● **SUPPLIED RECORDS**:
- Opening Delimiter -
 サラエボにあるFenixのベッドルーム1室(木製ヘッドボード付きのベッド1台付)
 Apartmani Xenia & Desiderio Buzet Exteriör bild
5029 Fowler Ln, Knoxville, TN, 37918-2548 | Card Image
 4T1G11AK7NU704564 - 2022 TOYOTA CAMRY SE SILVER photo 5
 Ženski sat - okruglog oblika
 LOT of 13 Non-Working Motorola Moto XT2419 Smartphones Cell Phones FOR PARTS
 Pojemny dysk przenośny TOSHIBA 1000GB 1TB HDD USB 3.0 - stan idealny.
- Closing Delimiter -
- Opening Delimiter -
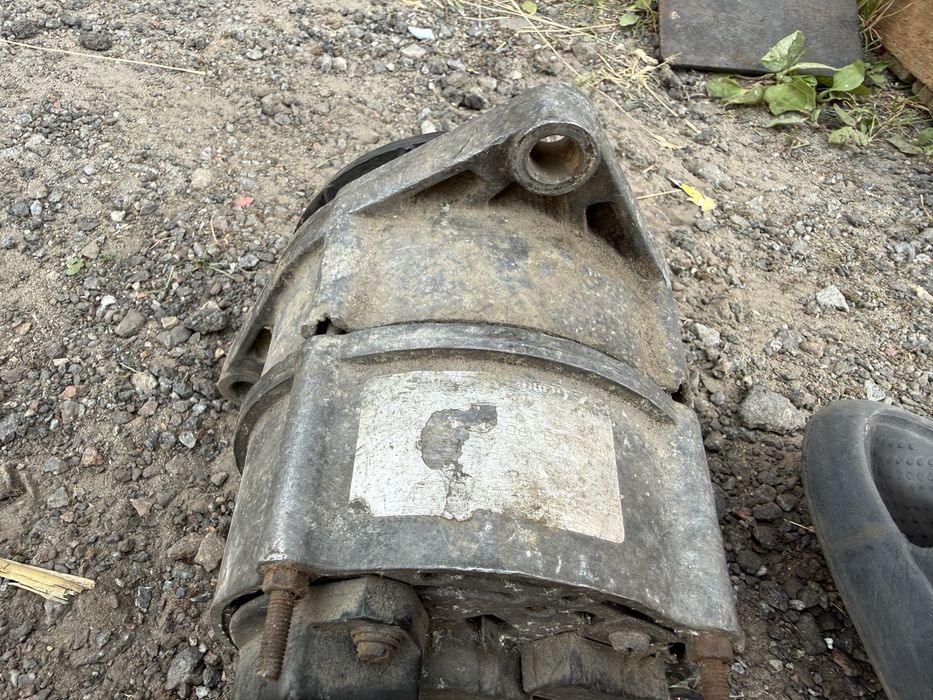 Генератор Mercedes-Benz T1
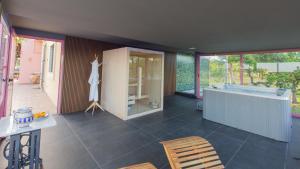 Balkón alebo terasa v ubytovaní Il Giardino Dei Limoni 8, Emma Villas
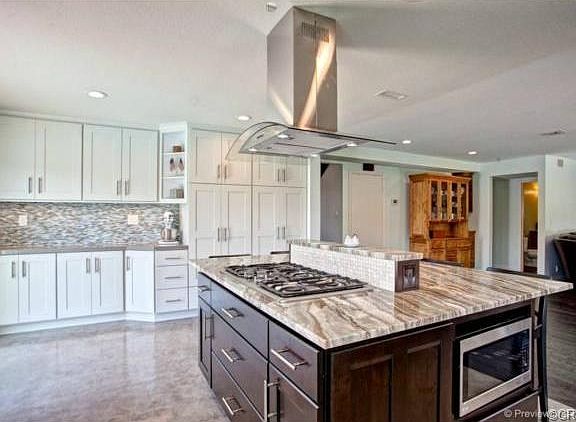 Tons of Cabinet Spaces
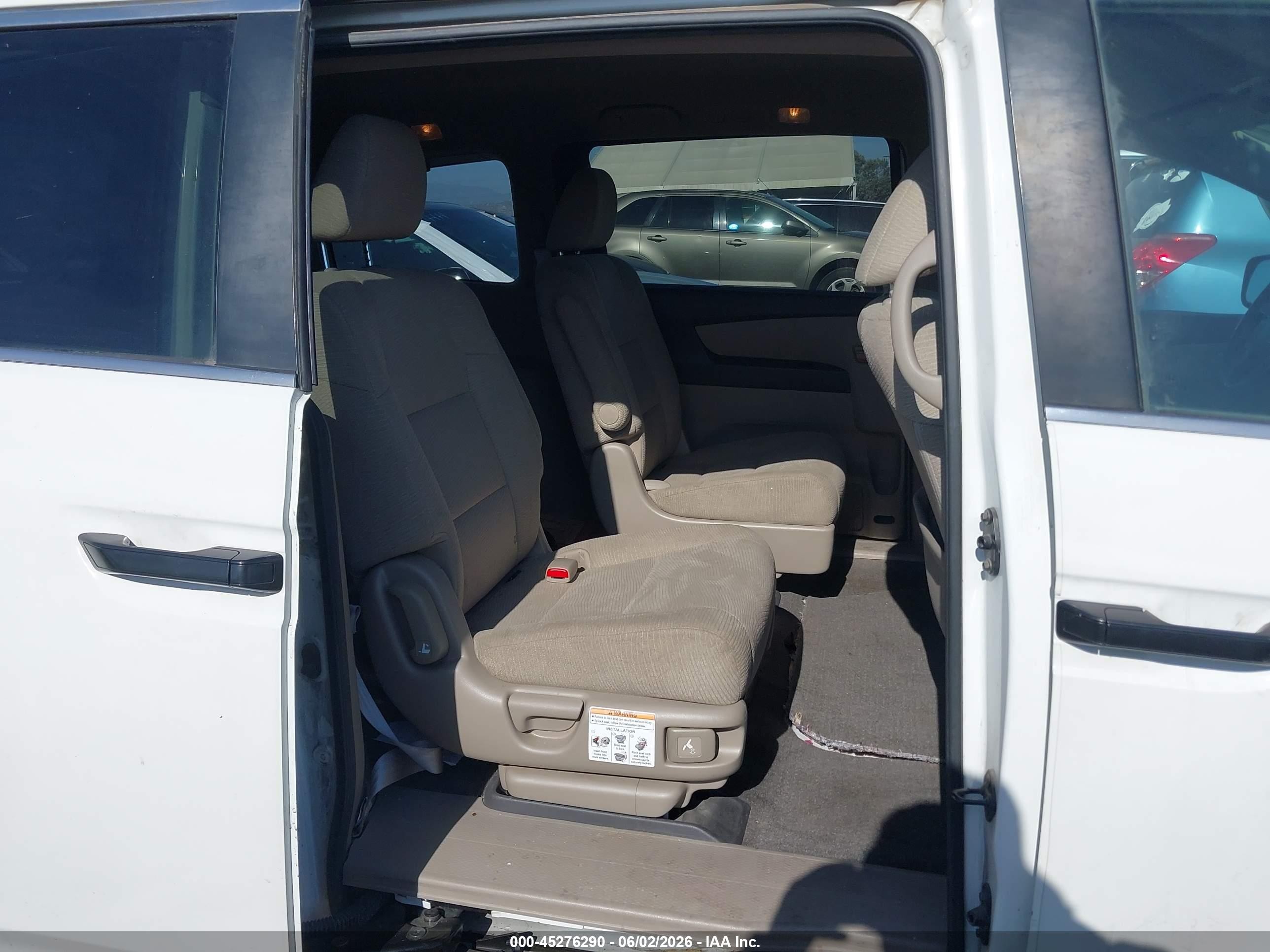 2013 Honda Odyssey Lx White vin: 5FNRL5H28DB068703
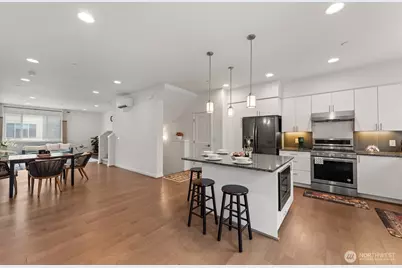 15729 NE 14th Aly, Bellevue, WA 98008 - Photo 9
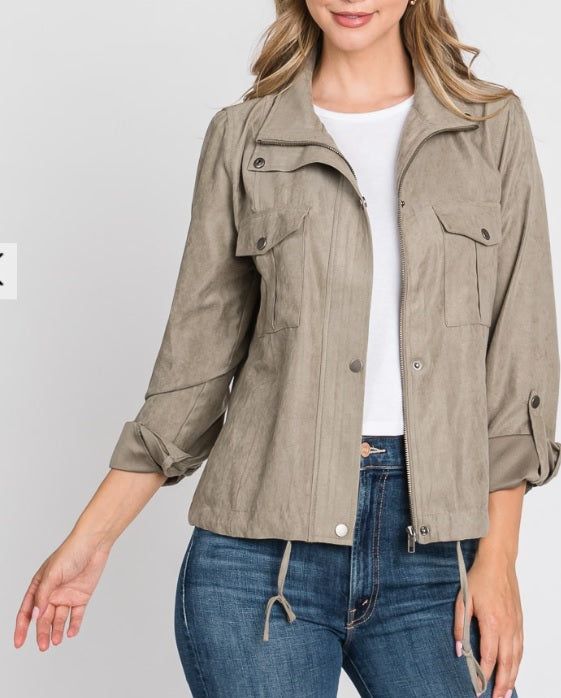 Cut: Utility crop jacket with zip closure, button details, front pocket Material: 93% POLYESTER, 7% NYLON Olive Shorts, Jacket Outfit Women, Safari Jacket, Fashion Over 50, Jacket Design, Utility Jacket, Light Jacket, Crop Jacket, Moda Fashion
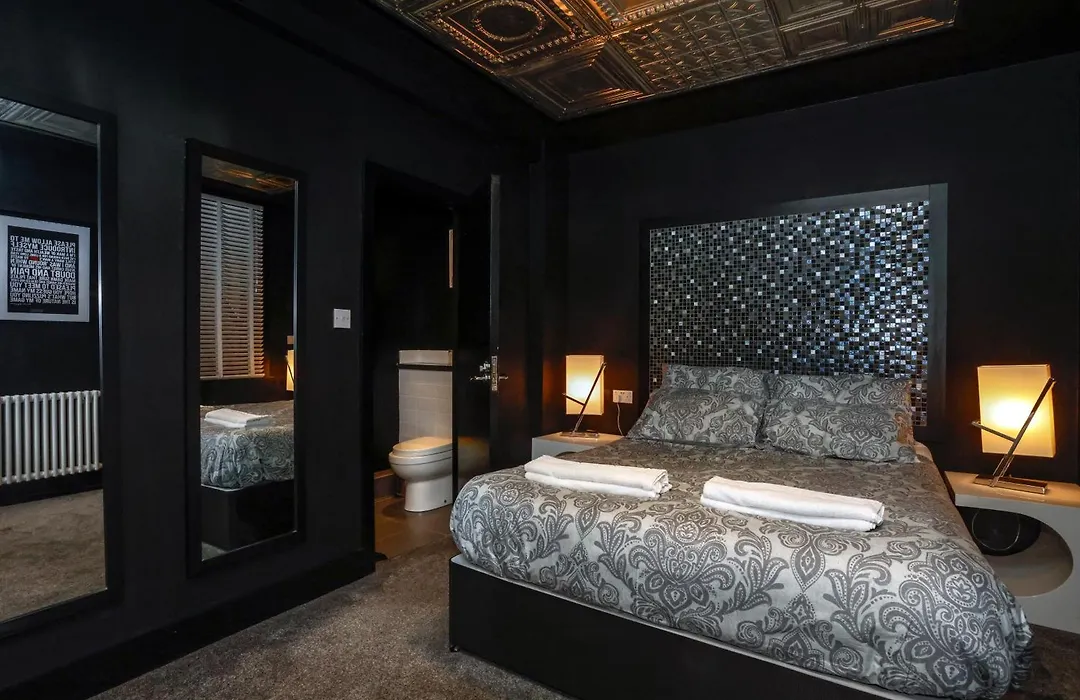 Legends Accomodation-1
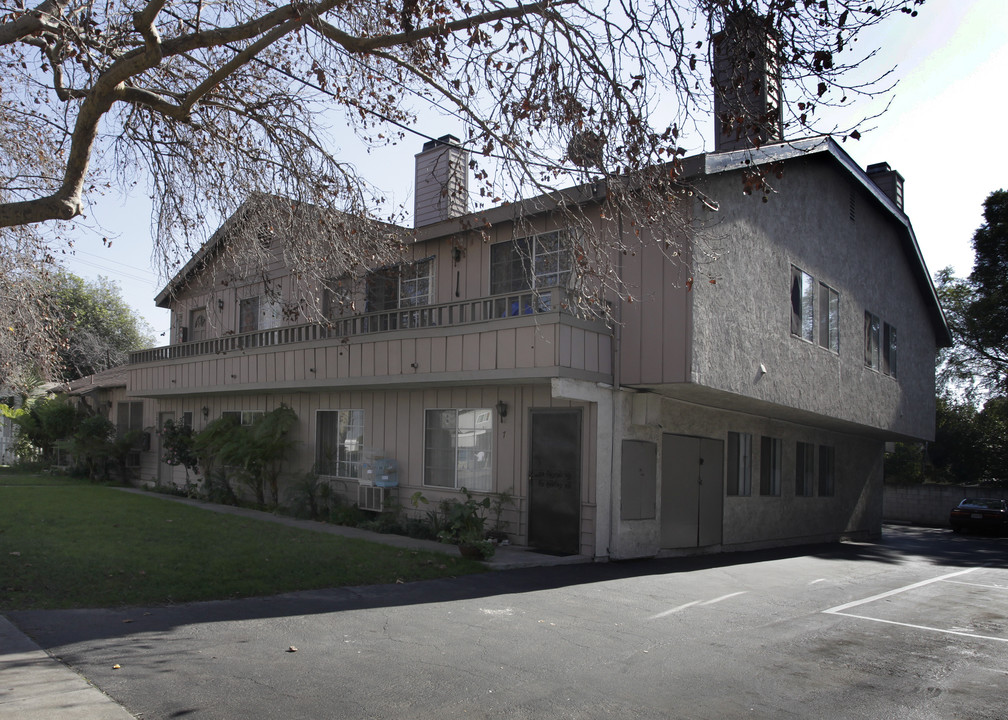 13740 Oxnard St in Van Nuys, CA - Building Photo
- Closing Delimiter -
● **DIRECTIONS FOR THIS TASK**: In the listing above, the lines from the one containing "Apartmani Xenia &" through the one containing "Pojemny dysk przenośny" must be set down exactly, with no other lines.

● **OUTPUT**:
 Apartmani Xenia & Desiderio Buzet Exteriör bild
5029 Fowler Ln, Knoxville, TN, 37918-2548 | Card Image
 4T1G11AK7NU704564 - 2022 TOYOTA CAMRY SE SILVER photo 5
 Ženski sat - okruglog oblika
 LOT of 13 Non-Working Motorola Moto XT2419 Smartphones Cell Phones FOR PARTS
 Pojemny dysk przenośny TOSHIBA 1000GB 1TB HDD USB 3.0 - stan idealny.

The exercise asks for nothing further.